Produce a bibliography or reference list. There are two ways to produce bibliographic lists. This environment is suitable when you have only a few references and can maintain the list by hand. See Using BibTeX, for a more sophisticated approach.

This shows the environment with two entries.

This work is based on \cite{latexdps}.
Together they are \cite{latexdps, texbook}.
  ...
\begin{thebibliography}{9}
\bibitem{latexdps} 
  Leslie Lamport. 
  \textit{\LaTeX{}: a document preparation system}. 
  Addison-Wesley, Reading, Massachusetts, 1993.
\bibitem{texbook} 
  Donald Ervin Knuth. 
  \textit{The \TeX book}. 
  Addison-Wesley, Reading, Massachusetts, 1983.
\end{thebibliography}

This styles the first reference as ‘[1] Leslie ...’, and so that ... based on \cite{latexdps} produces the matching ‘... based on [1]’. The second \cite produces ‘[1, 2]’. You must compile the document twice to resolve these references.

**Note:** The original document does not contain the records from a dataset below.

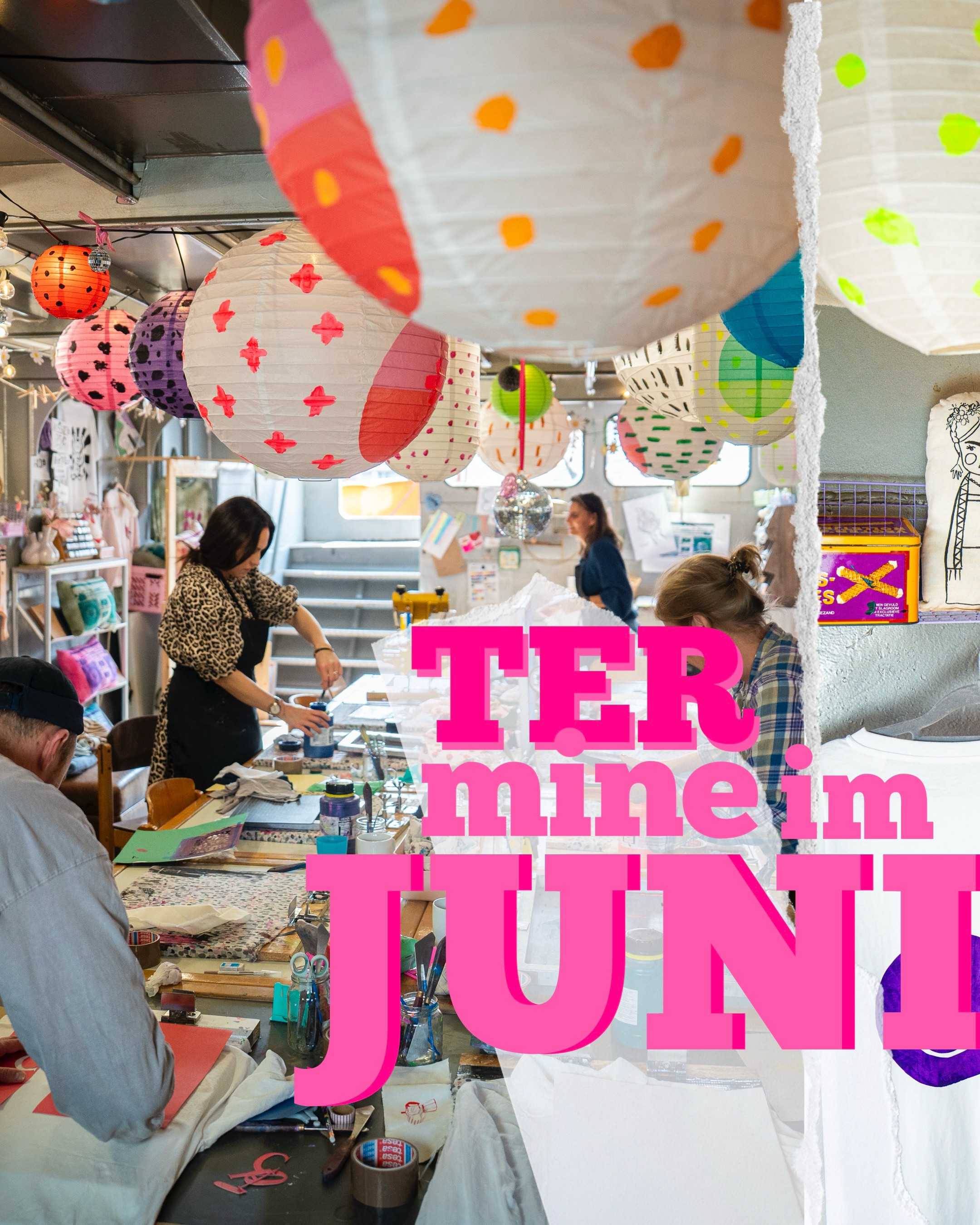 Auch im Juni wird gedruckt. Die perfekte kreative Auszeit, ob jetzt für Dich allein oder deine kreative Lieblingsbegleitung.
🗓️05.06.26 | Offene Druckmanufaktur
(16:30-18 Uhr)
Leider schon ausgebucht im Juni, aber im Juli sind noch Plätze frei.
🗓️28.06.26 | Slow Sunday Siebdruck Workshop
(12–15 Uhr) 3 Plätze frei
Drucken in kleiner Runde, dazu gibt es Kuchen und selbstgebackene Kekse. Du hast die Wahl: wenn Du mit Motiven aus der Druckmanufaktur druckst kostet Dich der Workshop 55€. Oder möchtest Du ZU den ganzen Motiven aus der Druckmanufaktur, noch ein individuelles Sieb mit eigenen Motiv zum drucken, von mir belichten lassen? Dann wähle die Option für 95€.
Ich freu mich auf dich!
🎟️ Tickets & Infos: Link in der Bio oder unter www.minagarcia.de
#geheimtipphamburg #siebdruck #pixelprint #kreativseinmachtglücklich #druckmanufaktur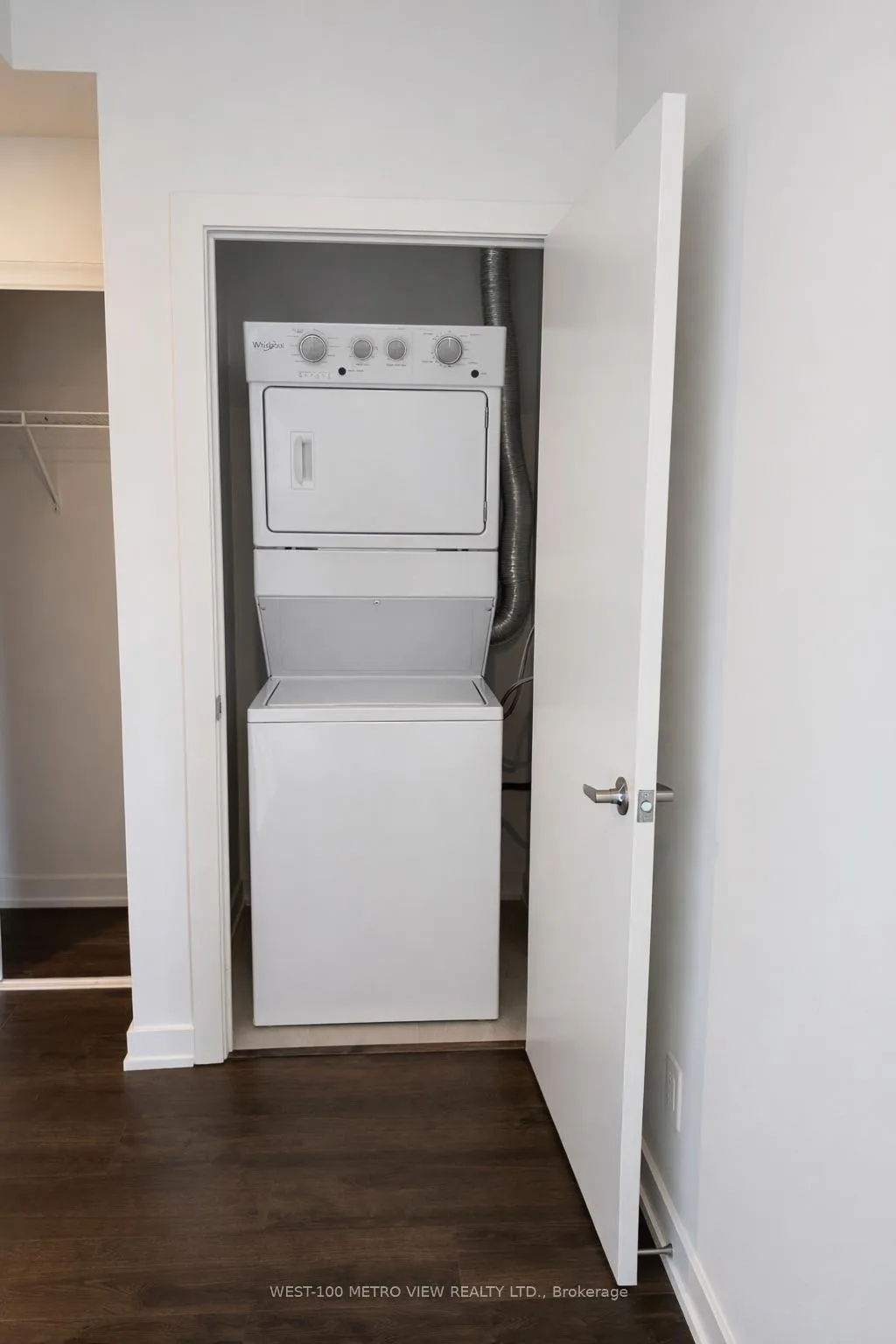 Photo 18 of Unit 709, 56 Lakeside Terrace, Barrie, Little Lake — HOMEH
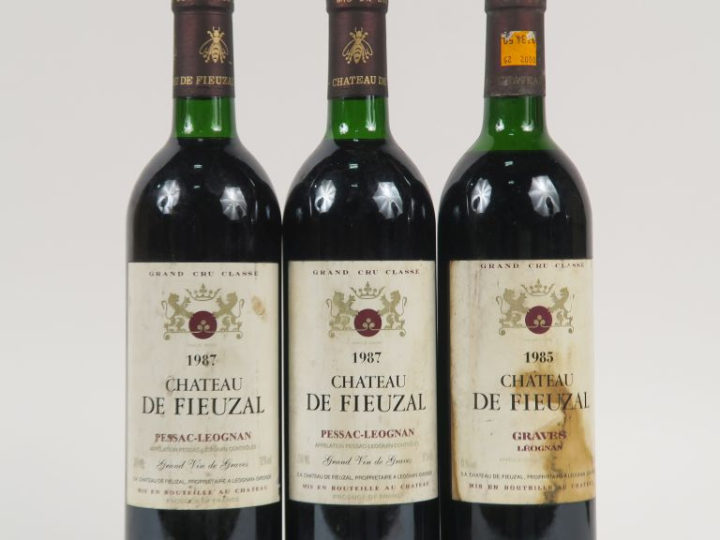 3 BOUTEILLES CHÂTEAU DE FIEUZAL GCC GRAVES - 1 de 1985 HEP/ET - 2 de 1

The mandatory argument widest-label is text that, when typeset, is as wide as the widest item label produced by the \bibitem commands. The tradition is to use 9 for bibliographies with less than 10 references, 99 for ones with less than 100, etc.

The bibliographic list is headed by a title such as ‘Bibliography’. To change it there are two cases. In the book and report classes, where the top level sectioning is \chapter and the default title is ‘Bibliography’, that title is in the macro \bibname. For article, where the class’s top level sectioning is \section and the default is ‘References’, the title is in macro \refname. Change it by redefining the command, as with \renewcommand{\refname}{Cited references}, after \begin{document}.

Language support packages such as babel will automatically redefine \refname or \bibname to fit the selected language.

See list, for the list layout control parameters.